| single | # url-normalize
[tests]
[Coveralls]
[PyPI]
A Python library for standardizing and normalizing URLs with support for
internationalized domain names (IDN).
## Table of Contents
- [Introduction]
- [Features]
- [Installation]
- [Usage]
  - [Python API]
  - [Command Line]
- [Documentation]
- [Contributing]
- [License]
## Introduction
url-normalize provides a robust URI normalization function that:
- Takes care of IDN domains.
- Always provides the URI scheme in lowercase characters.
- Always provides the host, if any, in lowercase characters.
- Only performs percent-encoding where it is essential.

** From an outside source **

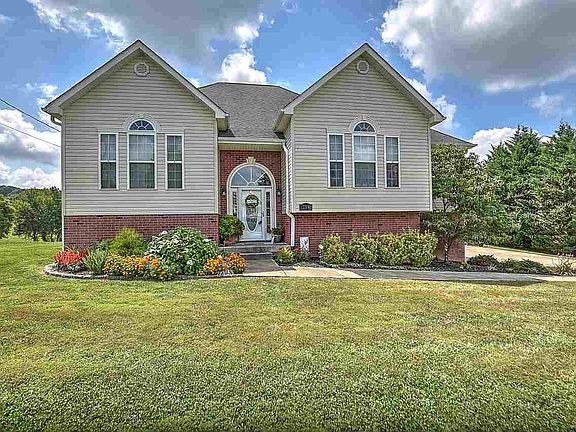 2nd image of 259 Sugar Plum Ln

- Always uses uppercase A-through-F characters when percent-encoding.
- Prevents dot-segments appearing in non-relative URI paths.
- For schemes that define a default authority, uses an empty authority if
the
  default is desired.
- For schemes that define an empty path to be equivalent to a path of "/",
  uses "/".
- For schemes that define a port, uses an empty port if the default is
desired
- Ensures all portions of the URI are utf-8 encoded NFC from Unicode
strings
Inspired by Sam Ruby's [urlnorm.py]
## Features
- **IDN Support**: Full internationalized domain name handling
- **Configurable Defaults**:
  - Customizable default scheme (https by default)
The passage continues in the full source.